These “Scalloped Mushrooms” are the perfect side to a big ole juice grill steak or thick cut pork chop! I love mushrooms so I try to think of various ways to prepare and serve them. This has become one of my favorites! You can make this with fresh mushrooms or canned and actually I think it works better with the canned ones, which I usually wouldn’t prefer, but they hold up better under the baking. Use whatever you prefer though. Here is what you will need:
2 Tbs. butter
1/2 diced sweet onion (I used Vidalia)
1 tsp. minced garlic
1 (6 oz.) can or jar of mushroom slices with the juice, do not drain or 2 cups fresh mushrooms
1/2 tsp. salt
1/4 tsp. black pepper
pinch of cayenne pepper
2 tsp. Worcestershire sauce
2 tsp. soy sauce
1 heaping Tbs. flour
1 cup shredded Parmesan cheese
1/2 cup shredded Swiss cheese (can use Monterrey Jack)
2 Tbs. chopped fresh parsley
In a saute pan, melt the butter, add the onion and saute until translucent, add the minced garlic and saute for a minute.
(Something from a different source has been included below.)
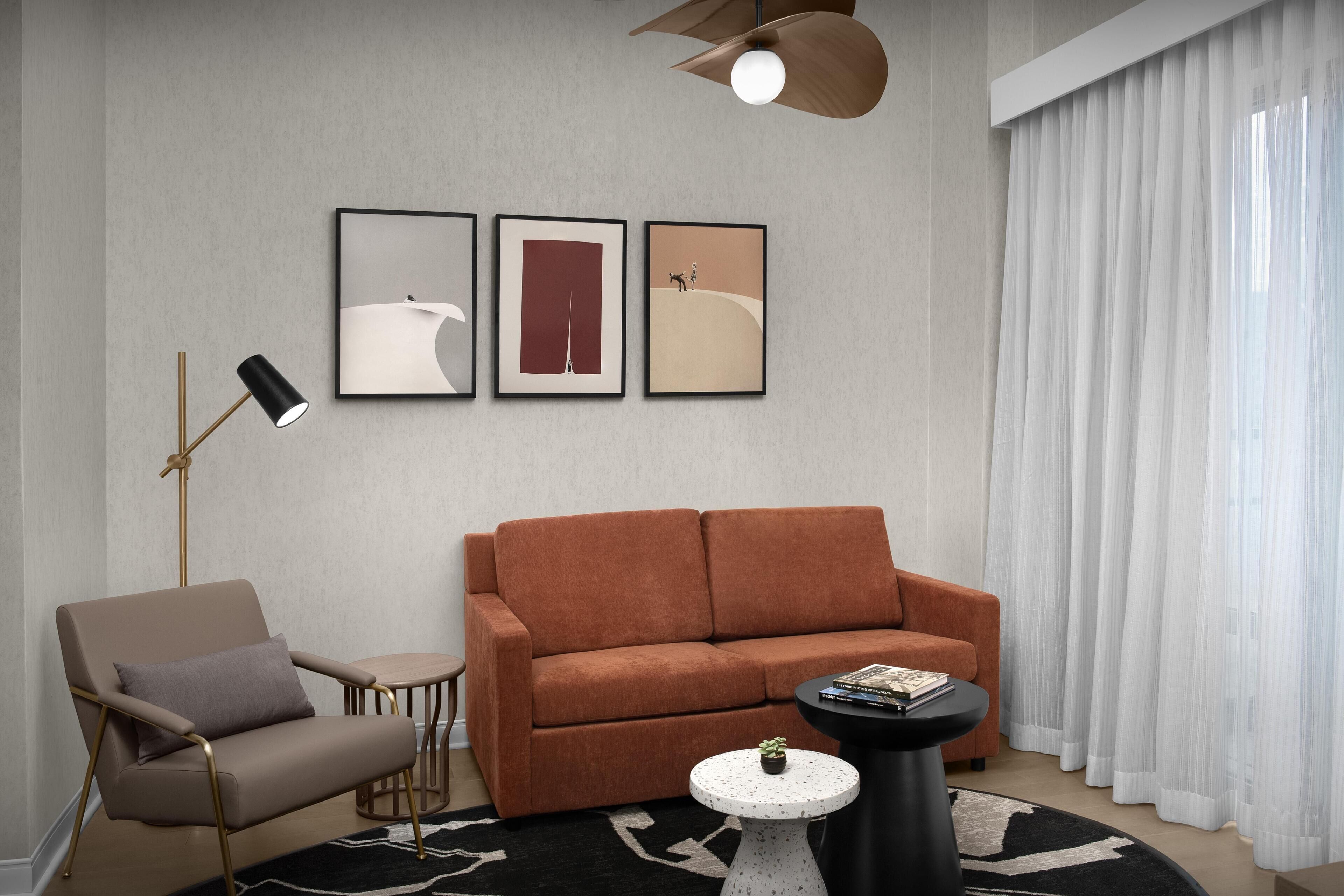 A modern living room with a sofa, armchair, and a coffee table with books.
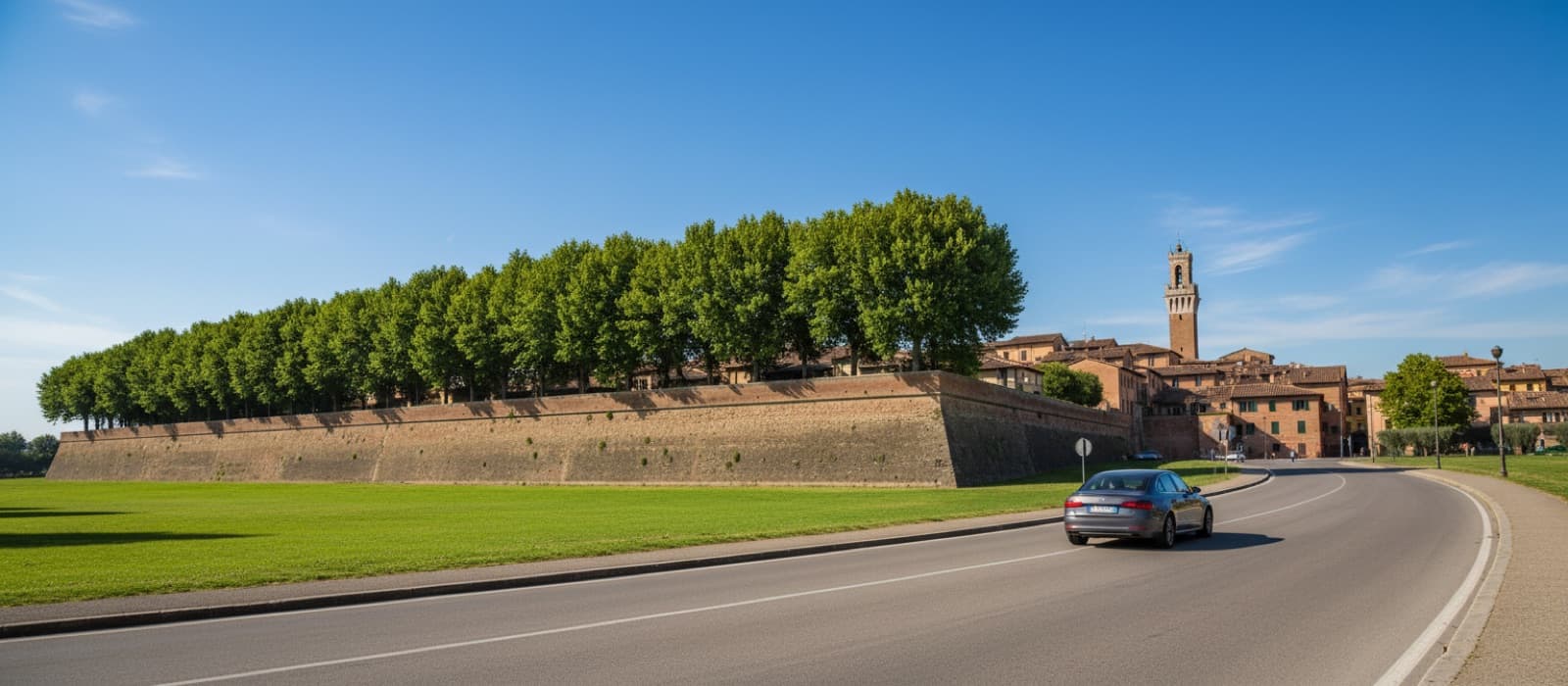 A car on the avenue beside tree-topped brick city ramparts, with rooftops and a tower behind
Then pour in the mushrooms with their liquid. If you are using fresh mushrooms they will create their own liquid. Add salt, pepper, and cayenne pepper. Sprinkle the flour over and allow it to cook and bubble until it starts to tighten up the liquid, about 2 – 3 minutes. Add the 1 cup Parmesan cheese and allow it to melt.
Pour into a shallow baking dish, a pie plate works well, that has been sprayed with nonstick spray. Sprinkle the top with the Swiss cheese!
Place in a 350 degree preheated oven for 20 -25 minutes or just until slightly browning and bubbly! Sprinkle with parsley before serving!
This is so good, I could eat it just by itself, but add a steak and it is amazing!